## Data for the task
○ ○ ○ ○ ○

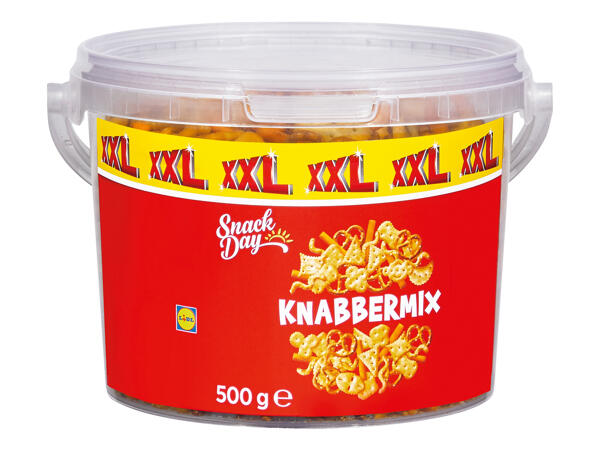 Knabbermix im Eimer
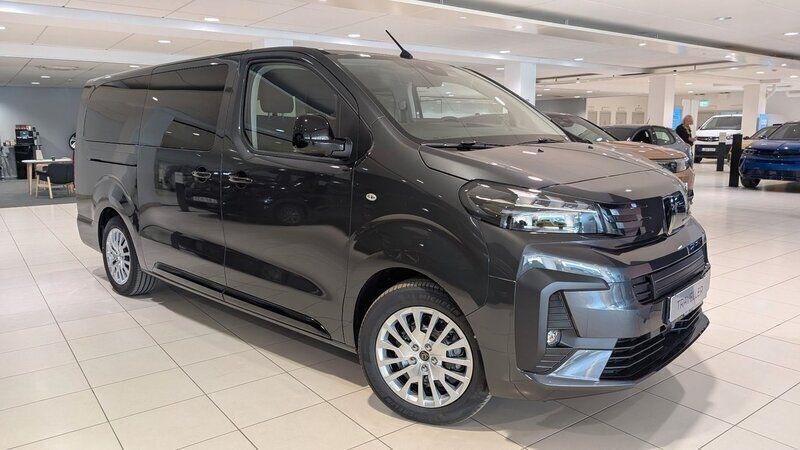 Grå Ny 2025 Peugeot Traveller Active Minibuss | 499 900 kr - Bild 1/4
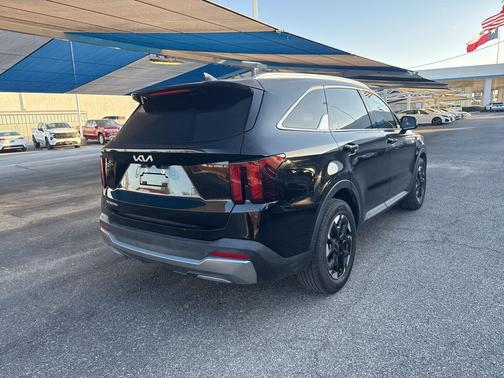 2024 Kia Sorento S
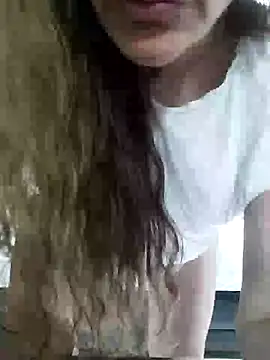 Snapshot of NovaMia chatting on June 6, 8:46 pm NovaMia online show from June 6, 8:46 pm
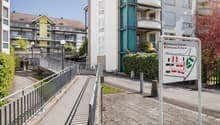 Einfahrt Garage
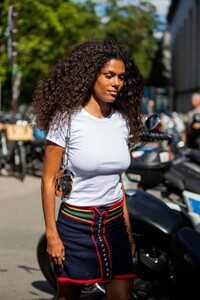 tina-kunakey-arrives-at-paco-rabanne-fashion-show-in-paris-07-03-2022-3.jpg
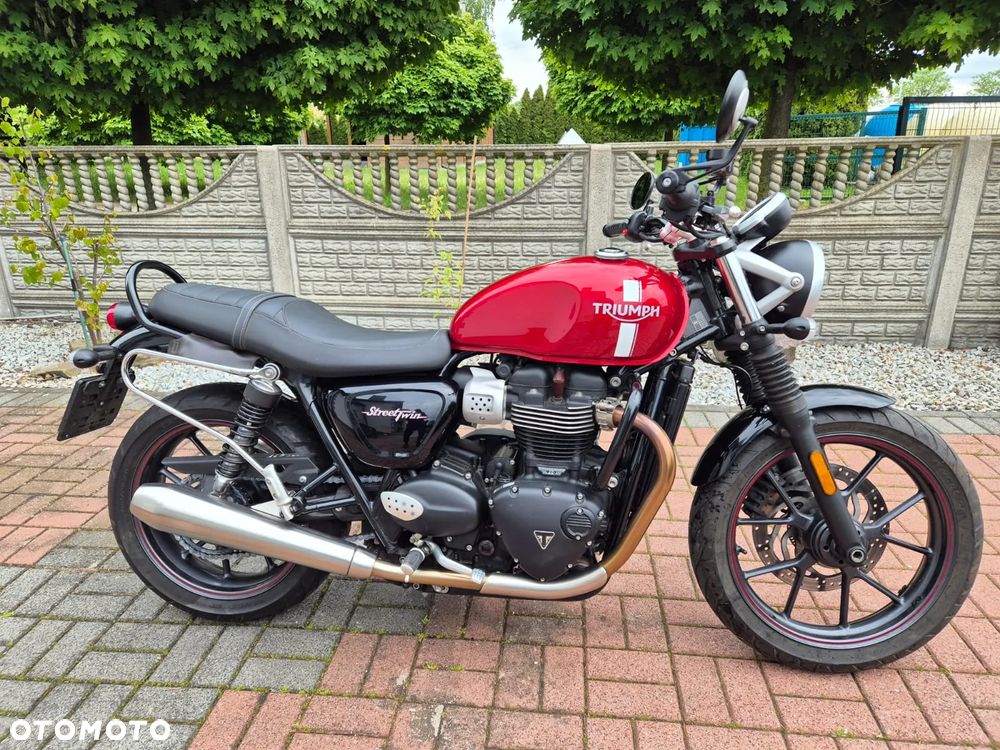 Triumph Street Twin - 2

○ ○ ○ ○ ○

## Work to be completed
Although the entries contain pictures, reproduce only the rest, exactly as written.

## The answer
 Knabbermix im Eimer
 Grå Ny 2025 Peugeot Traveller Active Minibuss | 499 900 kr - Bild 1/4
 2024 Kia Sorento S
 Snapshot of NovaMia chatting on June 6, 8:46 pm NovaMia online show from June 6, 8:46 pm
 Einfahrt Garage
 tina-kunakey-arrives-at-paco-rabanne-fashion-show-in-paris-07-03-2022-3.jpg
 Triumph Street Twin - 2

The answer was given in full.